Seven suspected PKK members killed in Turkey clashes overnight
Seven suspected members of the outlawed Kurdistan Workers' Party (PKK) were killed in clashes overnight that erupted when the rebels attacked military posts in eastern Turkey, the army said Thursday.
The attacks are the latest in an escalating cycle of violence between Turkish security forces and Kurdish rebels that has left a 2013 ceasefire agreed by the PKK in tatters.
PKK fighters launched an attack with guns and rockets on a command post in southeastern town of Silopi on the border with Iraq and Syria, prompting clashes that left four militants dead, an army statement said.

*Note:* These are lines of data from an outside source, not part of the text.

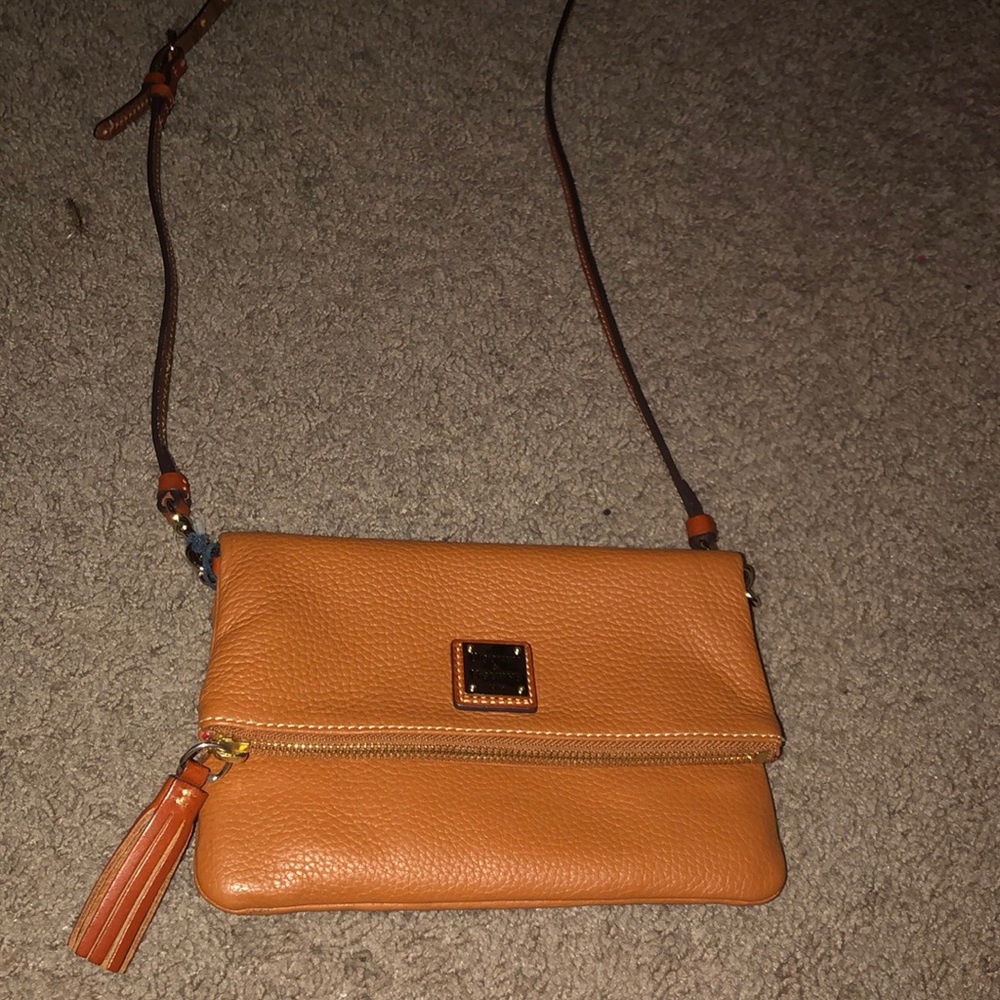 Rooney & Bourne purse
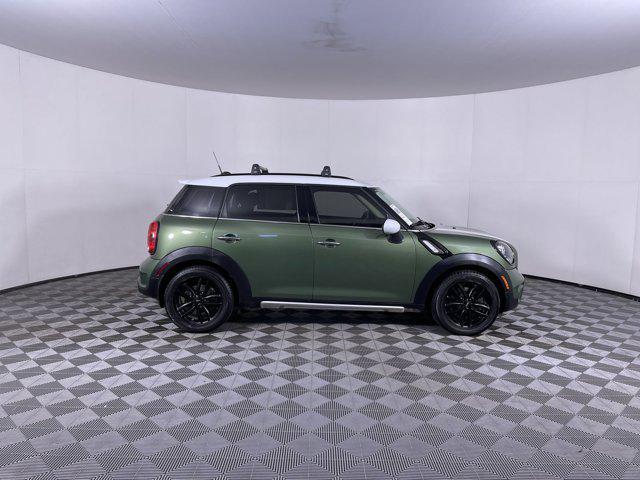 used 2016 MINI Countryman car, priced at $13,200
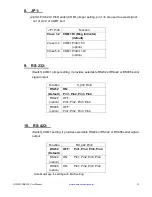 Preview for 21 page of NemaVision-iPC NVHMI-707 User Manual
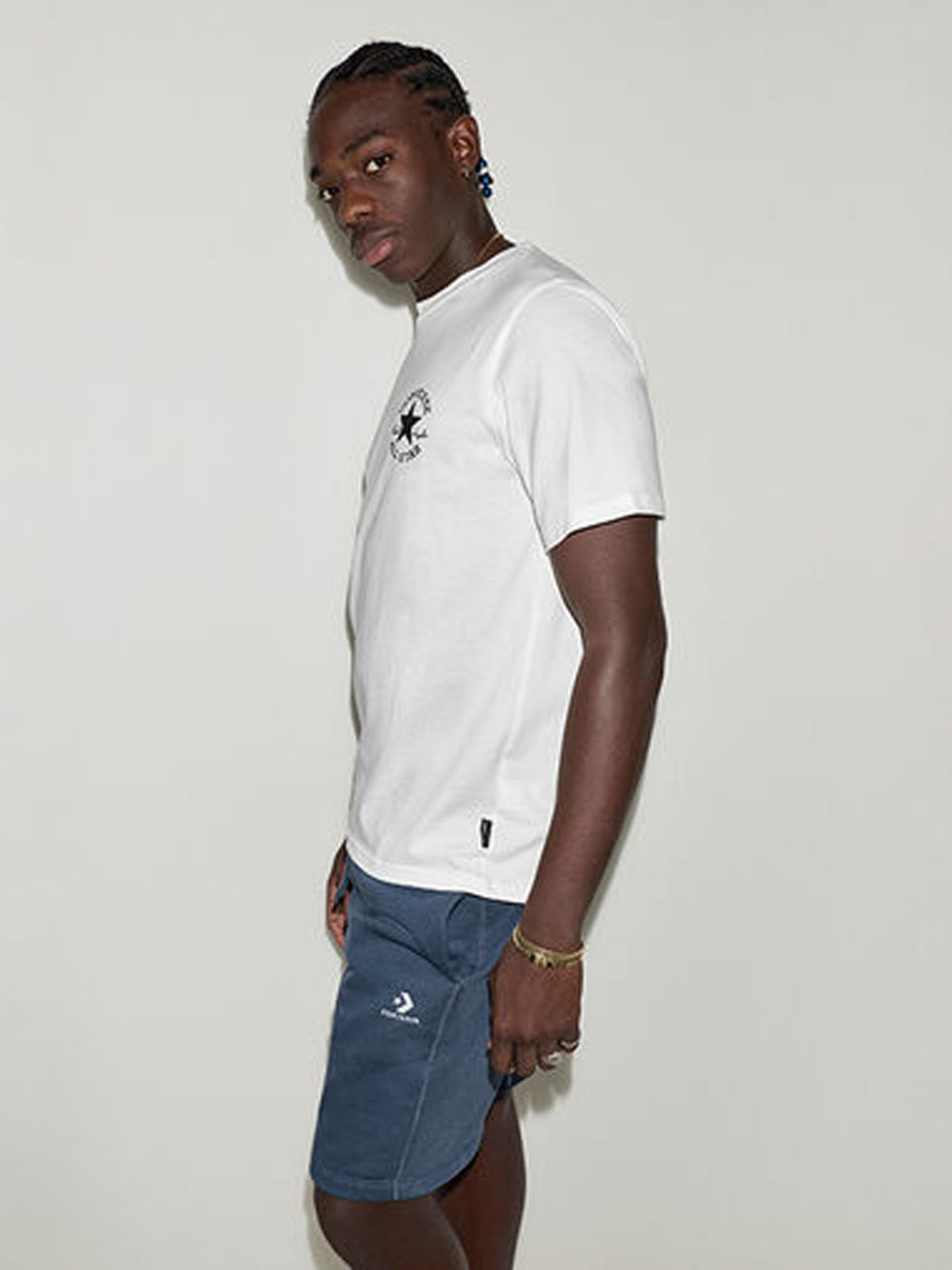 Converse Chuck Taylor Tee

The PKK also attacked a military base and police station in the Agri province near the Iranian border, where three of their number were killed in clashes with the security forces, it said.
But the pro-PKK Firat news agency said two of those killed in Agri were teenagers aged 15 and 16 who were working at a bakery when Turkish security forces opened fire on nearby buildings.
Speaking to Firat news, pro-Kurdish Peoples' Democracy Party (HDP) lawmaker Dirayet Tasdemir described the incident as a "clear execution."
Details of the incident could not be independently verified.
Turkey is currently pressing a two-pronged "anti-terror" offensive against Islamic State group (IS, formerly ISIS) militants in Syria and PKK militants in northern Iraq and the southeast following a wave of attacks.
But, so far, the air strikes have overwhelmingly concentrated on the separatist Kurdish rebels, who have been waging a bloody campaign against the security forces.
According to an AFP toll, 30 members of the security forces have been killed in violence linked to the PKK since the crisis began last month.
President Recep Tayyip Erdogan on Tuesday vowed that Turkey would press on with its relentless campaign against Kurdish militants "until not one terrorist" was left.